*EXERCISE OBJECTIVE:* Repeat the data exactly, please; no pictures belong in the copy.

*DATA SHOWN:*
────────────────────────────────────────

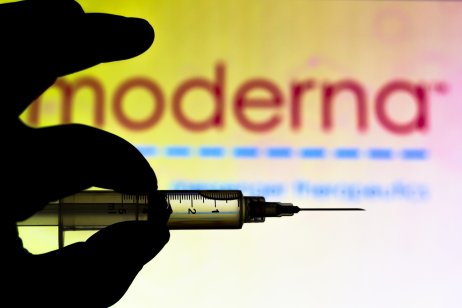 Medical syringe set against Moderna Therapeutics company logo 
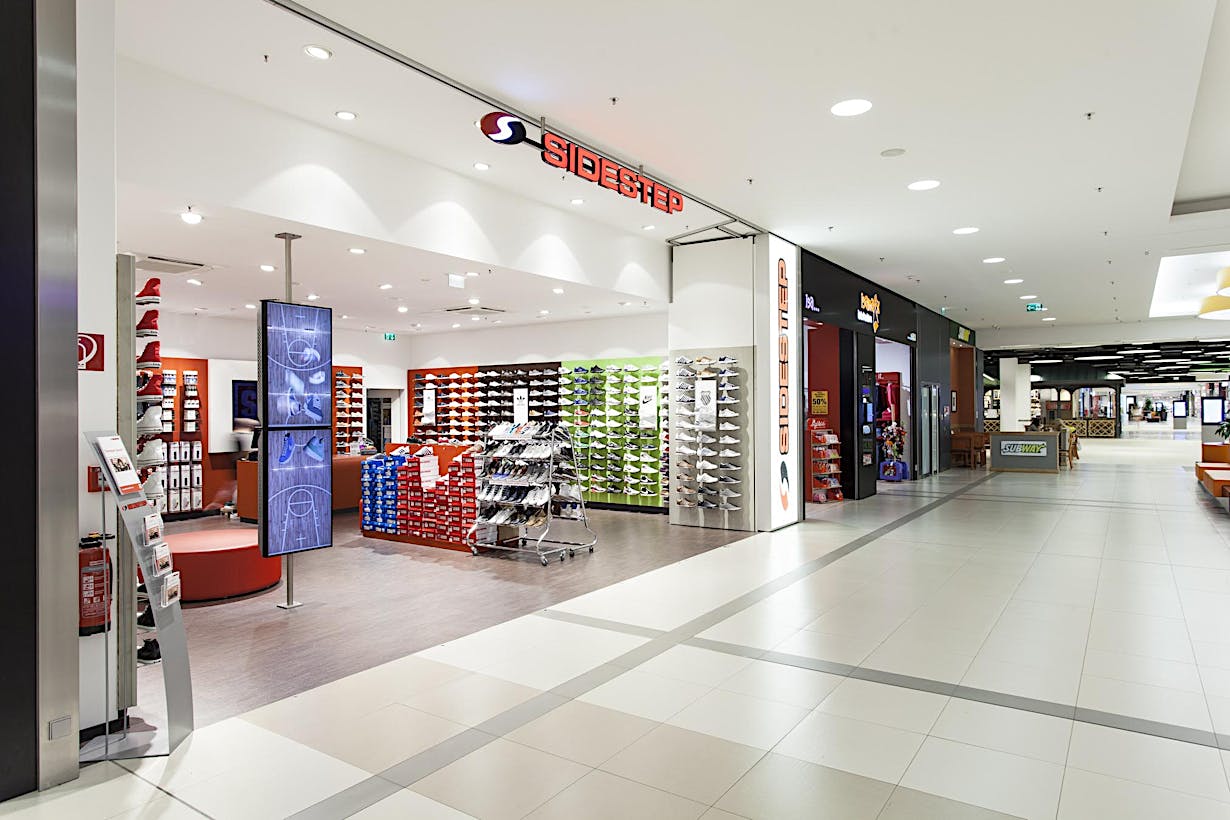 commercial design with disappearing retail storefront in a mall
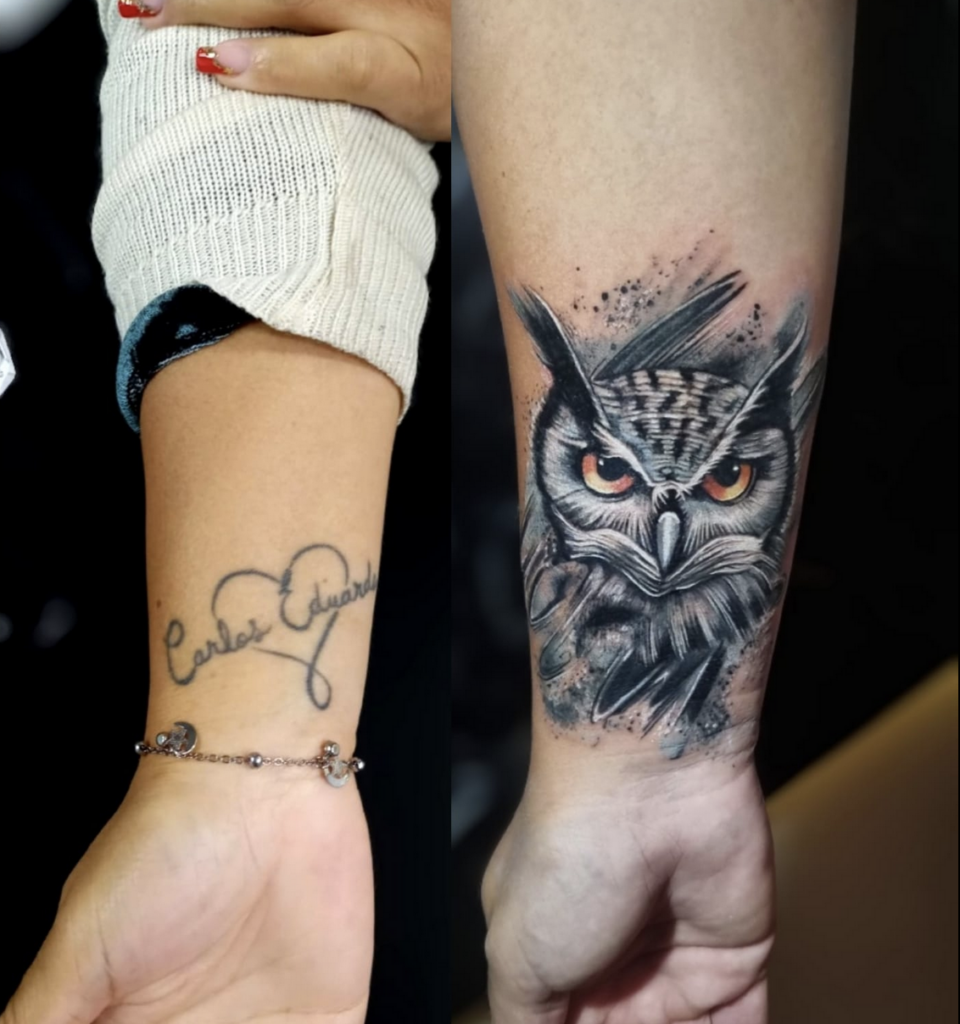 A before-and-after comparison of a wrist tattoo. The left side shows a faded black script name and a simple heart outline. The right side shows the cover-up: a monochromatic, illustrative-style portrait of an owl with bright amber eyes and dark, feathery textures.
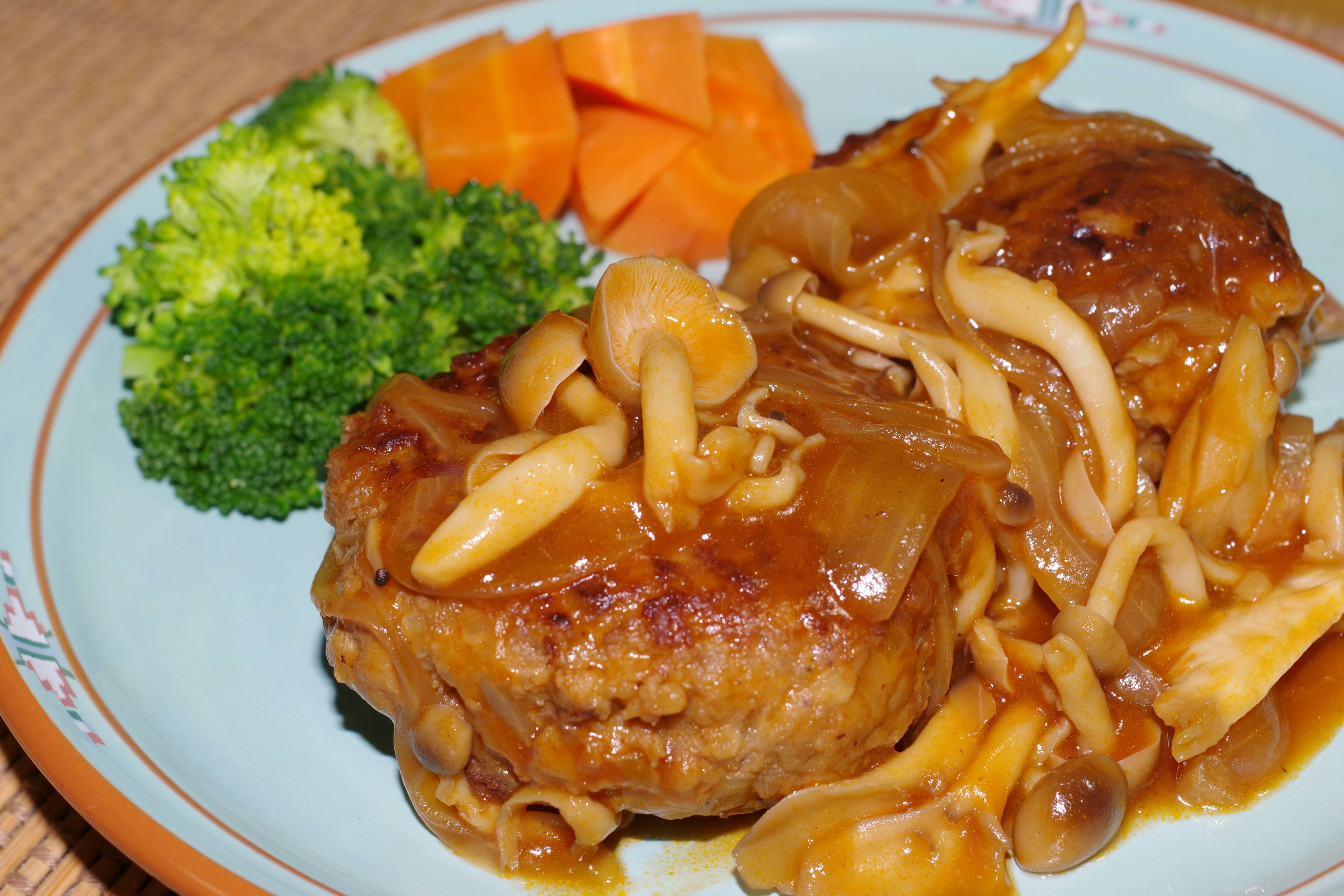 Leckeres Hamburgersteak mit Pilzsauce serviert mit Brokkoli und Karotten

────────────────────────────────────────

*RESPONSE:*
 Medical syringe set against Moderna Therapeutics company logo 
 commercial design with disappearing retail storefront in a mall
 A before-and-after comparison of a wrist tattoo. The left side shows a faded black script name and a simple heart outline. The right side shows the cover-up: a monochromatic, illustrative-style portrait of an owl with bright amber eyes and dark, feathery textures.
 Leckeres Hamburgersteak mit Pilzsauce serviert mit Brokkoli und Karotten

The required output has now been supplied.